┏━━
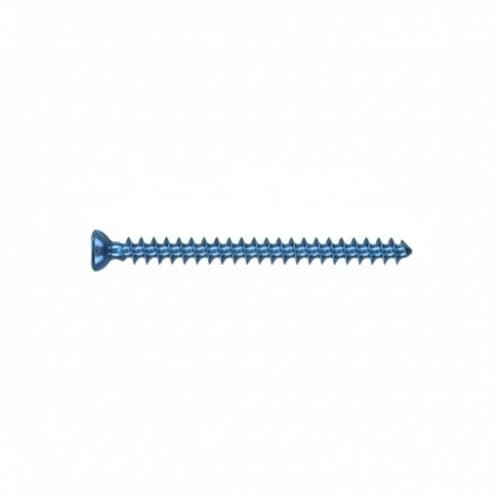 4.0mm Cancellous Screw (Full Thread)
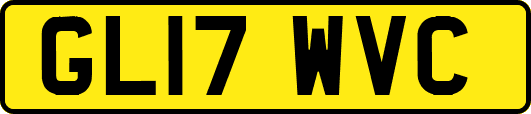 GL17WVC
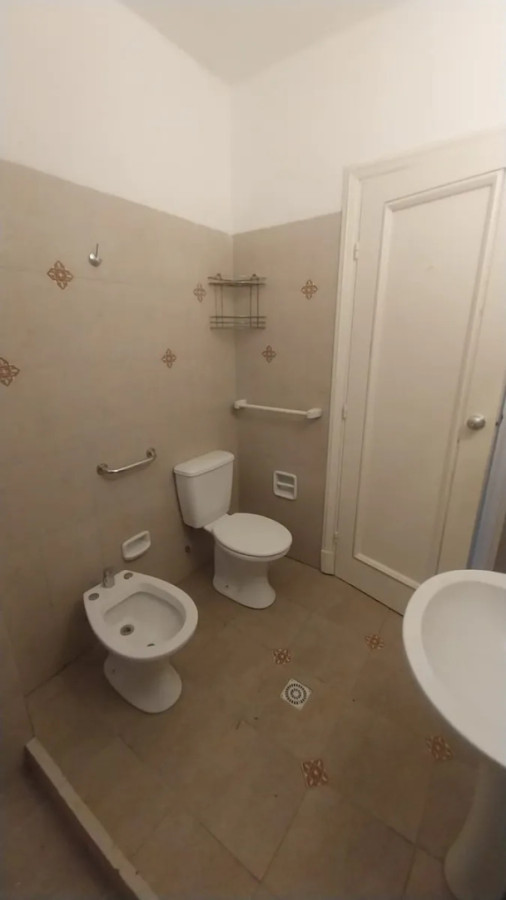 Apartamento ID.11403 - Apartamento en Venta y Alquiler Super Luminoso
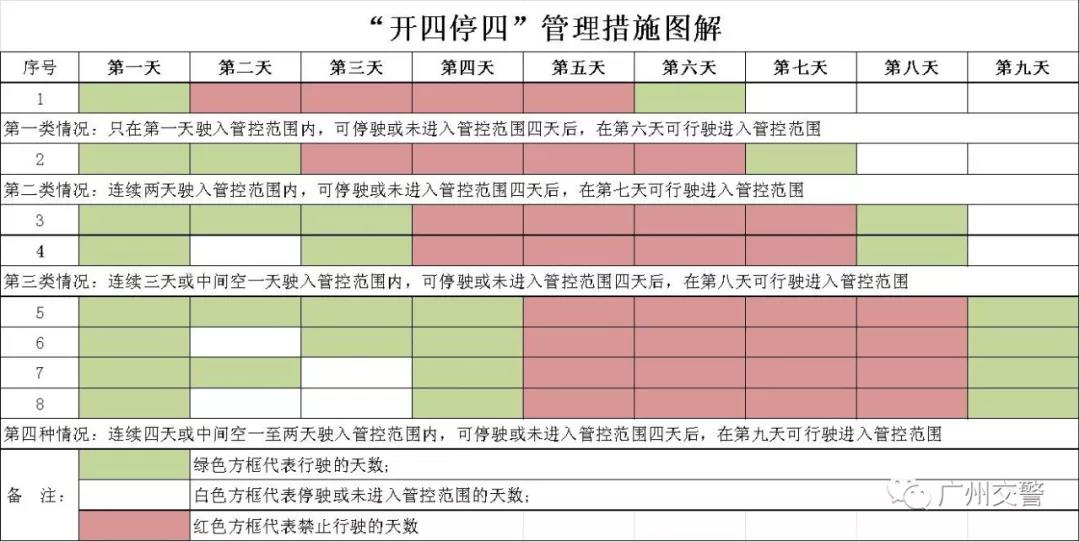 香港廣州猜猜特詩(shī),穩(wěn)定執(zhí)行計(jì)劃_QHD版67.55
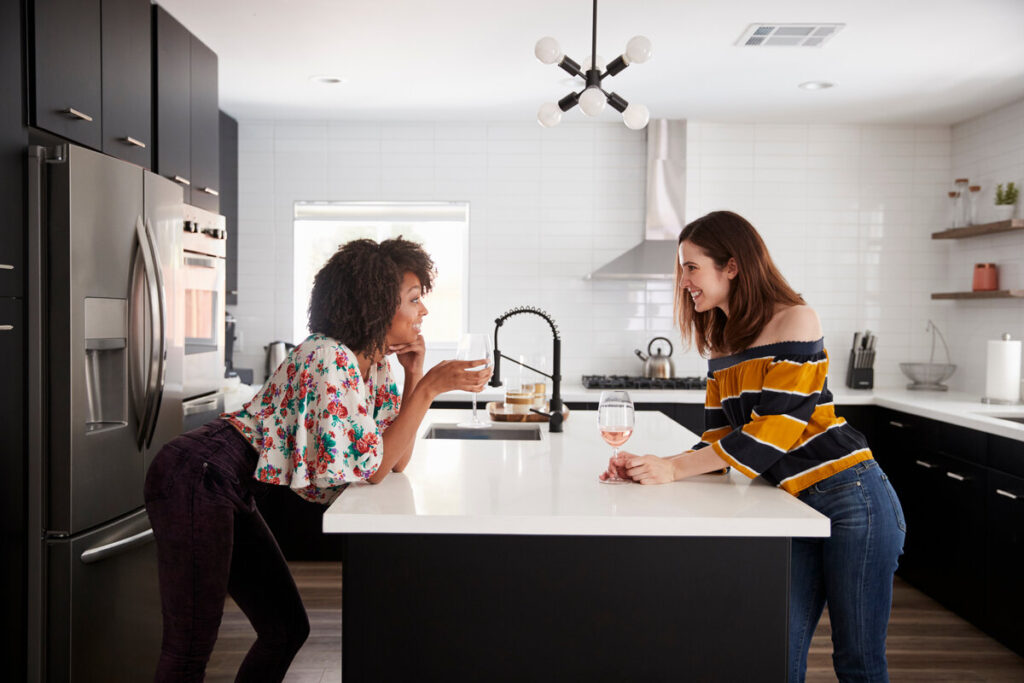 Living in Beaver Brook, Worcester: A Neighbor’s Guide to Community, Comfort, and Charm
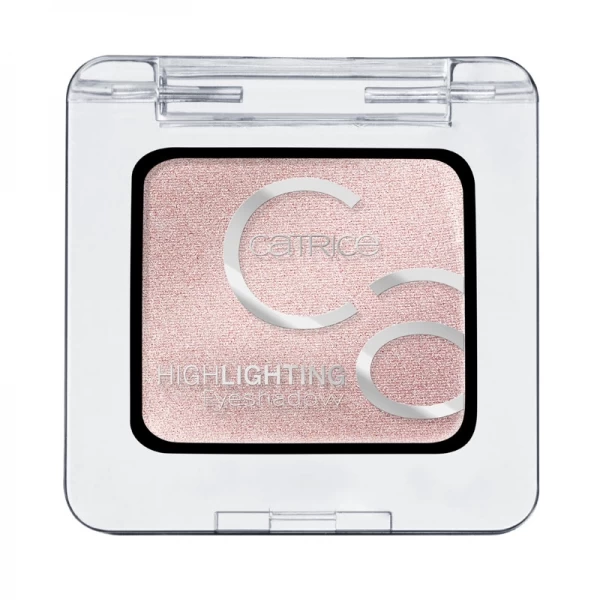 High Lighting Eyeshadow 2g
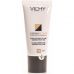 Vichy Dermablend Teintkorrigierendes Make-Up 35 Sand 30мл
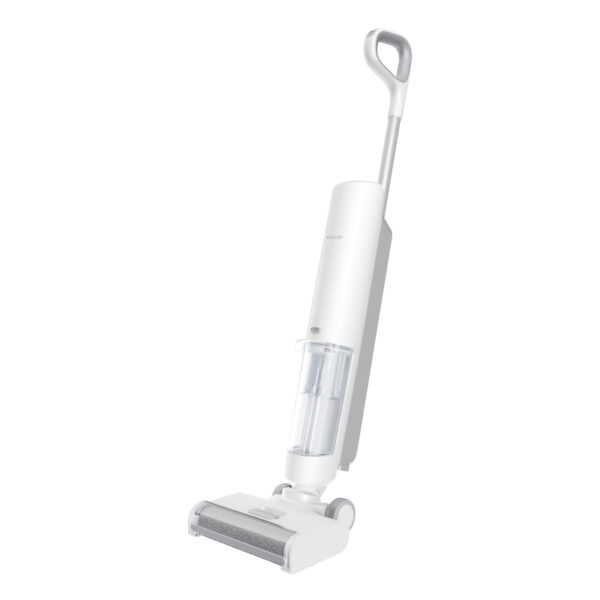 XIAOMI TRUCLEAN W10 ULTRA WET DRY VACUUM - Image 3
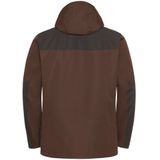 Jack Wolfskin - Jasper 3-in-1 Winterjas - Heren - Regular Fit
┗━━
YOUR OBJECTIVE: Be exact. Write out all the entries and omit the pictures.

RESPONSE AREA:
 4.0mm Cancellous Screw (Full Thread)
 GL17WVC
 Apartamento ID.11403 - Apartamento en Venta y Alquiler Super Luminoso
 香港廣州猜猜特詩(shī),穩(wěn)定執(zhí)行計(jì)劃_QHD版67.55
 Living in Beaver Brook, Worcester: A Neighbor’s Guide to Community, Comfort, and Charm
 High Lighting Eyeshadow 2g
 Vichy Dermablend Teintkorrigierendes Make-Up 35 Sand 30мл
 XIAOMI TRUCLEAN W10 ULTRA WET DRY VACUUM - Image 3
 Jack Wolfskin - Jasper 3-in-1 Winterjas - Heren - Regular Fit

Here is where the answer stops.